PROBLEM —
Would you repeat the listing exactly but omit every picture?

EXERCISE DATA —
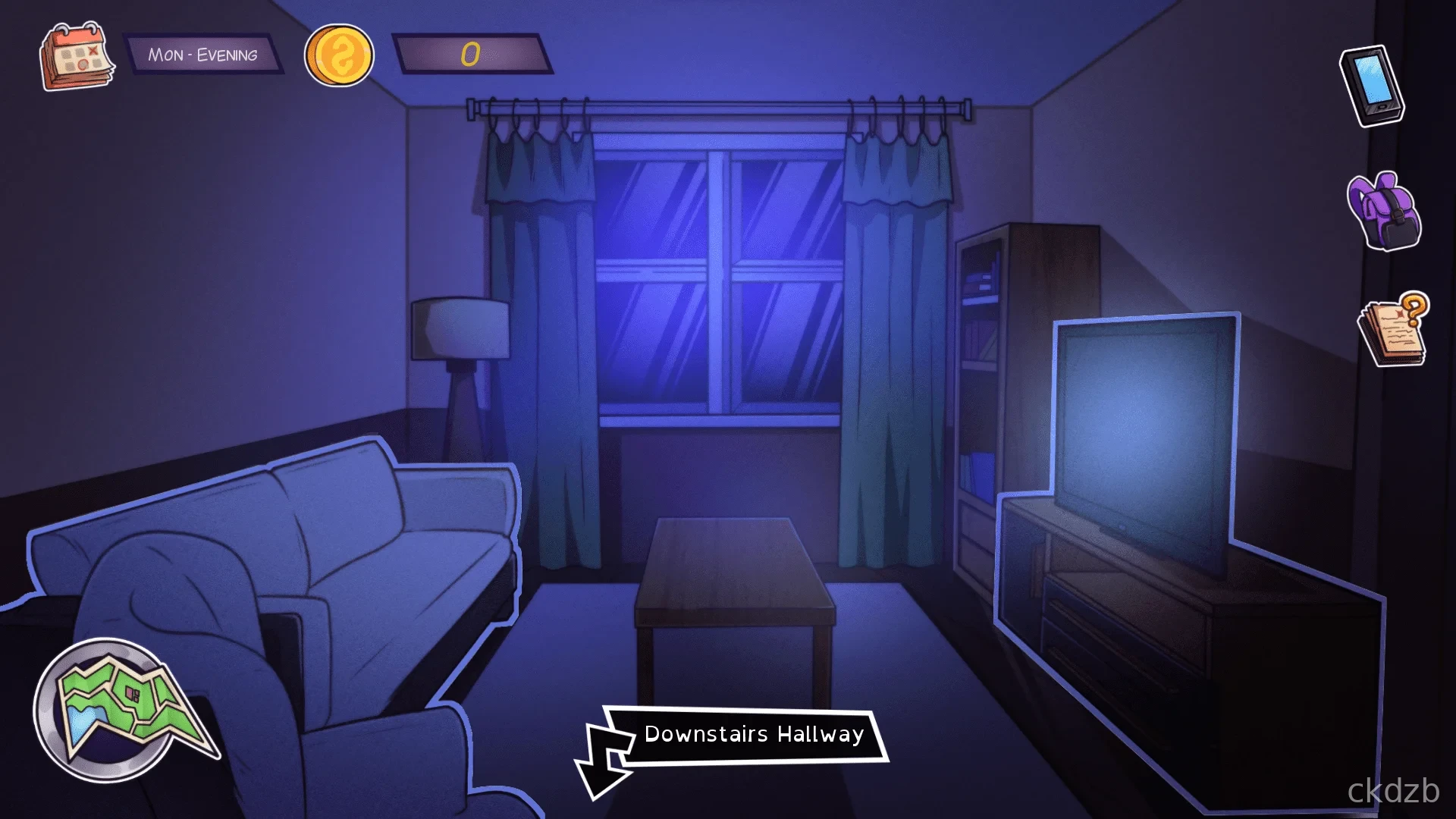 Futariuums Gate Screenshot 2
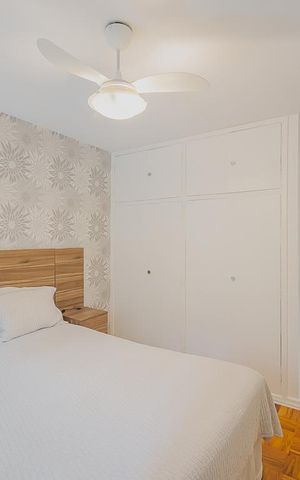 Apartamento para alugar com 97m², 3 quartos e 1 vagaQuarto 1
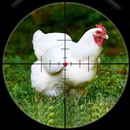 Jeu de défi de chasse poulet APK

FINISHED EXERCISE —
 Futariuums Gate Screenshot 2
 Apartamento para alugar com 97m², 3 quartos e 1 vagaQuarto 1
 Jeu de défi de chasse poulet APK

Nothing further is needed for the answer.